Banks lure large depositors with new benchmark

I&M Bank Nyeri branch. I&M Bank is offering to pay up to one percentage point above the Kenya Banks Reference Rate for large sums deposited for over a year and 0.5 percentage points below KBRR for lower volumes above Sh50,000. FILE PHOTO | JOSEPH KANYI |

What you need to know:

  • The introduction of a floating-fixed deposit rate is expected to shield banks from excess interest expenses incurred when large depositors lock in high-deposit rates for long periods.
  • KBRR was primarily introduced for pricing of loans in a bid to make the industry more transparent and competitive.

Banks have started using the industry base lending rate introduced by the Central Bank of Kenya (CBK) to offer floating-deposit rates to large depositors in a move that could stabilise lenders’ net interest income.

In a statement to customers, I&M Bank is offering to pay up to one percentage point above the Kenya Banks Reference Rate (KBRR) for large sums deposited for over a year and 0.5 percentage points below KBRR for lower volumes above Sh50,000.

Currently the KBRR is 9.13 per cent meaning that those who keep Sh50,000 with the bank for 12 months will earn 8.63 per cent while those with over Sh50 million will earn 10.13 per cent.

“Rate of interest will be floating and as and when the KBRR is revised in January and July every year; the rates for these deposits will also be revised with immediate effect,” said the bank.

Going by data from CBK, the average fixed deposit rate is currently just 6.6 per cent.

The introduction of a floating-fixed deposit rate is expected to shield banks from excess interest expenses incurred when large depositors lock in high-deposit rates for long periods as was the case in 2011.

A spike in interest rates in early 2011 combined with low liquidity in the market forced banks to offer high returns to attract and retain deposits.

When interest rates dropped banks had to see out their contracts with depositors as they were in no position to revise the rates downwards.

“We took the opportunity because it matches the asset and liability risk — previously there was no benchmark for offering the floating rate,” said Suprio Sen Gupta, I&M’s head of marketing and product development.

KBRR was primarily introduced for pricing of loans in a bid to make the industry more transparent and competitive.
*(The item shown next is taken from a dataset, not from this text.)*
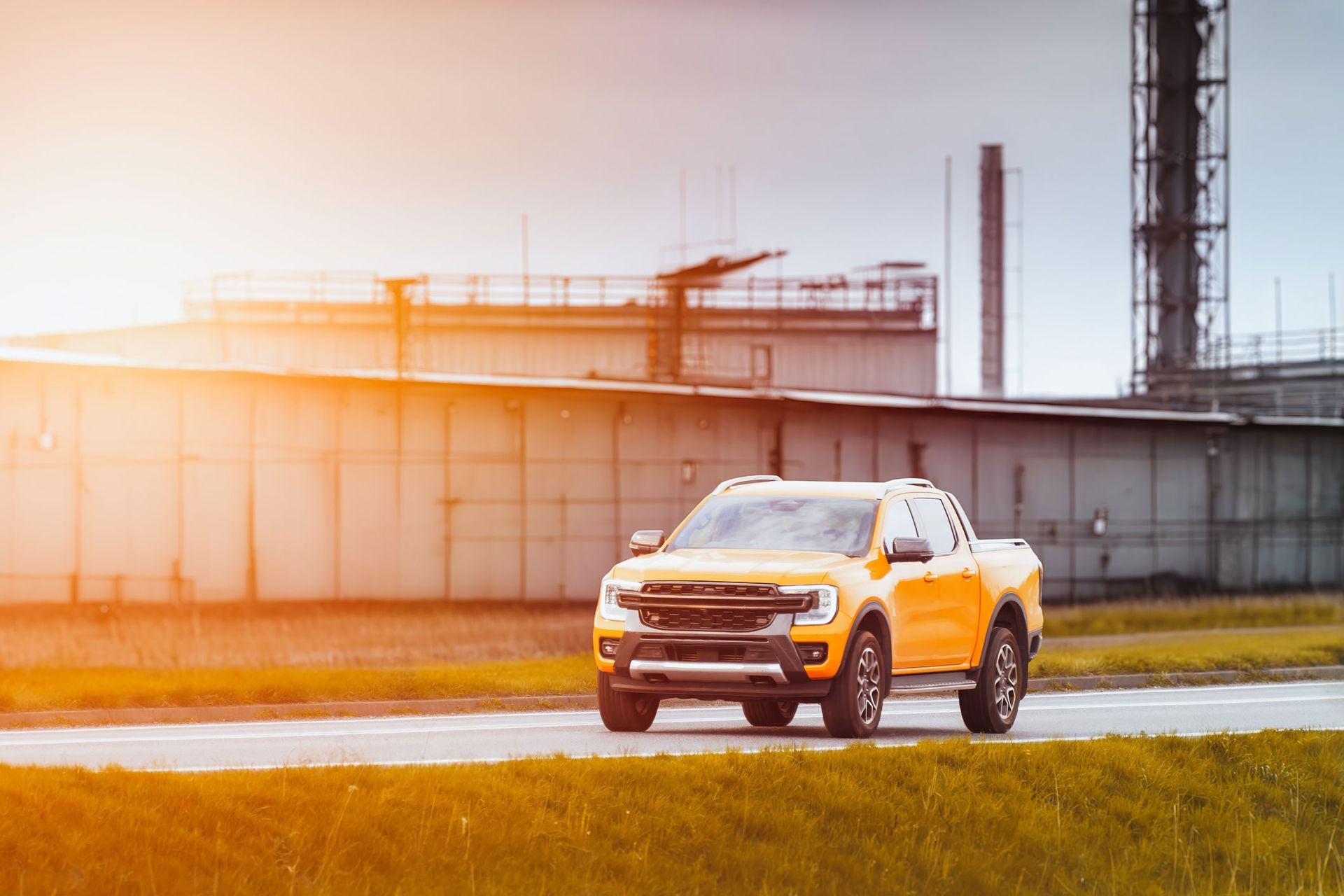 Yellow pickup truck driving on a road near industrial buildings in sunlight.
It is calculated every January and July as an average of the Central Bank Rate (CBR) and the 91-day Treasury bill rate.

Banks are allowed to load a premium over the base rate depending on their operating expenses and cost of funds. The latest average premium is three per cent for mortgages and four per cent for corporate loans.

Deposits rose

I&M deposits in Kenya rose to Sh77 billion in June this year from Sh74 billion a year earlier for which it paid an interest of Sh2.3 billion compared to Sh1.9 billion last year.

“It was bound to happen because the pricing for deposits was previously on Treasury bills but lending rates were not, so it makes sense to have one reference point,” said Standard Investment Bank head of research Francis Mwangi.

The 91-day Treasury bill is currently priced at 8.6 per cent. Depositors will also be shielded from losing out on opportunities to make additional interest income when they offer deposits at low-interest rate followed by a spike in market rates.

Most depositors have taken to putting cash in short-term fixed deposits so that they can take advantage of fresh opportunities arising.

This has left the banking industry with a huge mismatch between the tenor of deposits and loan book.

Banks have a higher appetite for current accounts as they do not earn interest while saving accounts attract negligible amounts. The average interest paid to savings accounts is 1.3 per cent, as per CBK.